Scan the entries below. List each line with "Silver".
------------------------------------
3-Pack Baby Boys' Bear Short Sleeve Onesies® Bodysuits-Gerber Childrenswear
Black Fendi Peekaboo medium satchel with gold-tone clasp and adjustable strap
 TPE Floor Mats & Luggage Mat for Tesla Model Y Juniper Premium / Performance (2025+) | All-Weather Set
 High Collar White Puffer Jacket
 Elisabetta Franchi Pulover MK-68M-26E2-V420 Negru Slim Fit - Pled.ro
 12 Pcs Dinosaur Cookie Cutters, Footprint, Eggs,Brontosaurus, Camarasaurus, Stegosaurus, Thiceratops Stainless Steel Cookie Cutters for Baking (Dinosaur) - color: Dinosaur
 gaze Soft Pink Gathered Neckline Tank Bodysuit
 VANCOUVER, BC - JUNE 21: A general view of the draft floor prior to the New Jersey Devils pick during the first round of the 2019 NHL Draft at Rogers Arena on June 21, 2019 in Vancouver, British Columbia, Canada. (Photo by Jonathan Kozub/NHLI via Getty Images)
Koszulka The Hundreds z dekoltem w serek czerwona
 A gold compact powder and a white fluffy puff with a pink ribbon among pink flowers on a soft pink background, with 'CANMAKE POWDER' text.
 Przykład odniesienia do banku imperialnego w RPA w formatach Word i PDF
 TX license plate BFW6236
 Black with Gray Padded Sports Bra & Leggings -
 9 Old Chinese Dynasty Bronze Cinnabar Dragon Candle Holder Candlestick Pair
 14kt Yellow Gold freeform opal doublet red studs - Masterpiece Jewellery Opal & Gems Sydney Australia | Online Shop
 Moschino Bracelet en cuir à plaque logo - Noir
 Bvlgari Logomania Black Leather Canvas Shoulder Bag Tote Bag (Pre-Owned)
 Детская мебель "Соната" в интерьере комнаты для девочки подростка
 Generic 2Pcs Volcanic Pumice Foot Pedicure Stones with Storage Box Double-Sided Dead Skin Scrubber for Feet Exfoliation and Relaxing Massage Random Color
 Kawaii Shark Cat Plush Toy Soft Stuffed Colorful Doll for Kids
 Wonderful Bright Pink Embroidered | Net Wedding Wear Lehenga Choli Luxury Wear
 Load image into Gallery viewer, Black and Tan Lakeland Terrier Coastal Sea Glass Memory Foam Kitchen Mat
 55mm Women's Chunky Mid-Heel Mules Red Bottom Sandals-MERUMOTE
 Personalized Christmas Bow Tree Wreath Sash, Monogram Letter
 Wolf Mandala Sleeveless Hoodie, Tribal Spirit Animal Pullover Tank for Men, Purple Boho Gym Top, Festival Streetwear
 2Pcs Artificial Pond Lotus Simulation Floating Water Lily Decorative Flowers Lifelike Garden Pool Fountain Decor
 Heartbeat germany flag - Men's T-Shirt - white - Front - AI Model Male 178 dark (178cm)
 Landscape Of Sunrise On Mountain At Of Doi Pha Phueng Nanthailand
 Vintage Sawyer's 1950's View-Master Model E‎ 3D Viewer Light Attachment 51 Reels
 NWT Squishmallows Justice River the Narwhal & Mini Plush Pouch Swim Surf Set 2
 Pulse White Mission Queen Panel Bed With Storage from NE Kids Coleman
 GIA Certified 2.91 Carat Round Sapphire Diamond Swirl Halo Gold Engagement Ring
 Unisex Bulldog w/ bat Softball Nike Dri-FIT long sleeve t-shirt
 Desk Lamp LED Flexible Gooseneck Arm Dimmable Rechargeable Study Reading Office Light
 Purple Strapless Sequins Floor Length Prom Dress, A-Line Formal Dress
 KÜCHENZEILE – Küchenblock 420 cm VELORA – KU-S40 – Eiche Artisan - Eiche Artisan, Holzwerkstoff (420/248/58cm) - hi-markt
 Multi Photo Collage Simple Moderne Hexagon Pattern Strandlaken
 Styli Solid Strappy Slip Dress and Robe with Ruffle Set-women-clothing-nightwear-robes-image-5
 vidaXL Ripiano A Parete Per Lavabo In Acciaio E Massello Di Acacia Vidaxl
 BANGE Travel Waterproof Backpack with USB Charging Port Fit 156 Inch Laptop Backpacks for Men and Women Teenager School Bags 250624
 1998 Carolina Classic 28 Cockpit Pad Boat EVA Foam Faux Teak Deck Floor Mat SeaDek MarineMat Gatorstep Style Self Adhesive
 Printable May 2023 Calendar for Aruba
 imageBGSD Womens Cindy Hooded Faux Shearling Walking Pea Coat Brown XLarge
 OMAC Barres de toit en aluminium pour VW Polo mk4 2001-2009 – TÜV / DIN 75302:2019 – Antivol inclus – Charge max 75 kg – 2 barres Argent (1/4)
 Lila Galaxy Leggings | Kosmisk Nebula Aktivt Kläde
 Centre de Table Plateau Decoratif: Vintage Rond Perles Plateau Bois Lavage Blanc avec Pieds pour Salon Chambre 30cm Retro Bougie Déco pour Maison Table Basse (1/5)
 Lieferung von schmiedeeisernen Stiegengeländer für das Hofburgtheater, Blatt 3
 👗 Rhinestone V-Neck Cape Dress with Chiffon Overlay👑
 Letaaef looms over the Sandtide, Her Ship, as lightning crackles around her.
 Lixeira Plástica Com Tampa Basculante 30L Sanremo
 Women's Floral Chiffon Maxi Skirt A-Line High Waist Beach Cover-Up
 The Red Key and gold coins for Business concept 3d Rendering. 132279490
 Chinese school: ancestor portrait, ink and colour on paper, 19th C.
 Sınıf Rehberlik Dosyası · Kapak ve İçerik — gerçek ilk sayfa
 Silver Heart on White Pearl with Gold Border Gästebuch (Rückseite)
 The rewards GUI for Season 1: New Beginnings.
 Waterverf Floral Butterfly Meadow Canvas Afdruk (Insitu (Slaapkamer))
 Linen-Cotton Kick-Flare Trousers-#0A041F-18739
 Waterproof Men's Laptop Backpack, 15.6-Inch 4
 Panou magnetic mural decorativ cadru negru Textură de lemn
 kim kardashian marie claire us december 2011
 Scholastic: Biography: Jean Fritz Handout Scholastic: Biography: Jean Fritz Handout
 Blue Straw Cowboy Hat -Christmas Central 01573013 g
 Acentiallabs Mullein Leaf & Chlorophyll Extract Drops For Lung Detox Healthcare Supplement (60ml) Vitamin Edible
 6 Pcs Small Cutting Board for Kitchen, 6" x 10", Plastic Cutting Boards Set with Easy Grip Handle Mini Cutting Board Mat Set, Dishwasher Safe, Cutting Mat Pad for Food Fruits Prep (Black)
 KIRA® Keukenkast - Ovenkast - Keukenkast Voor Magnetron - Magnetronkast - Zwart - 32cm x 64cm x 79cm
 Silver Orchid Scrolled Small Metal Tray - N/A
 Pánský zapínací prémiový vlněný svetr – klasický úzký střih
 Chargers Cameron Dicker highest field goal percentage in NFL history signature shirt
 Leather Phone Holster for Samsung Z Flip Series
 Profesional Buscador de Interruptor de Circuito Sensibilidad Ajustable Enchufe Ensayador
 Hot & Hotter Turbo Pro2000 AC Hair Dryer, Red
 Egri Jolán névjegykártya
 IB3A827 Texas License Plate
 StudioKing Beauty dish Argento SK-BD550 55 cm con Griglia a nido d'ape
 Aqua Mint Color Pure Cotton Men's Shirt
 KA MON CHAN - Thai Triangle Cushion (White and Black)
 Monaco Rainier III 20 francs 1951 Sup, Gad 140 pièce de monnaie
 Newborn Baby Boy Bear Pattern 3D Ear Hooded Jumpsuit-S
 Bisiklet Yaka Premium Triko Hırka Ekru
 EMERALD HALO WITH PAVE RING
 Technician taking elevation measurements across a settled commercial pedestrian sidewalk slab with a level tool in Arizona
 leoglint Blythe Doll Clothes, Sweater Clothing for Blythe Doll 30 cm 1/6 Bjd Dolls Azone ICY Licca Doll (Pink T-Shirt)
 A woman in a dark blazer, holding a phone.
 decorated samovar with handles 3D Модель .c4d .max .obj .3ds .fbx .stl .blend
------------------------------------
### Output for this exercise:
 Silver Heart on White Pearl with Gold Border Gästebuch (Rückseite)
 Silver Orchid Scrolled Small Metal Tray - N/A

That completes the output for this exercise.